• _WHAT THE TASK ASKS_: Reply with exactly the lines from the one that contains "Volvo XC60 2012" through the last line of the records below, and with no other lines.

• _EXERCISE MATERIAL_:
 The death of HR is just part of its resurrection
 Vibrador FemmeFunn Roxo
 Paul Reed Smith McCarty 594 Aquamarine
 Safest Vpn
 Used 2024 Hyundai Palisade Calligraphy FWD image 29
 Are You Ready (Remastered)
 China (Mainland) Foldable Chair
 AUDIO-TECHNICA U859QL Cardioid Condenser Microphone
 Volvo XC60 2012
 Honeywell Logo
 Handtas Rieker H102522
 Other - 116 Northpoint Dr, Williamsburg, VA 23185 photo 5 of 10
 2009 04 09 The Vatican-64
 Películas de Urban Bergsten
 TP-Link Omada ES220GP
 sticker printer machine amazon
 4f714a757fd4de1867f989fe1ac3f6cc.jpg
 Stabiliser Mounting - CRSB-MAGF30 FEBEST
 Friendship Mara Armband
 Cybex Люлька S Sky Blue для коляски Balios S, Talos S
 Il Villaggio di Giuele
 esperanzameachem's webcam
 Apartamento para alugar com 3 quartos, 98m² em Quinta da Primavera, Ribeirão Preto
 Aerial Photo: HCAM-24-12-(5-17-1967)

• _SOLUTION FOR THIS PROBLEM_:
 Volvo XC60 2012
 Honeywell Logo
 Handtas Rieker H102522
 Other - 116 Northpoint Dr, Williamsburg, VA 23185 photo 5 of 10
 2009 04 09 The Vatican-64
 Películas de Urban Bergsten
 TP-Link Omada ES220GP
 sticker printer machine amazon
 4f714a757fd4de1867f989fe1ac3f6cc.jpg
 Stabiliser Mounting - CRSB-MAGF30 FEBEST
 Friendship Mara Armband
 Cybex Люлька S Sky Blue для коляски Balios S, Talos S
 Il Villaggio di Giuele
 esperanzameachem's webcam
 Apartamento para alugar com 3 quartos, 98m² em Quinta da Primavera, Ribeirão Preto
 Aerial Photo: HCAM-24-12-(5-17-1967)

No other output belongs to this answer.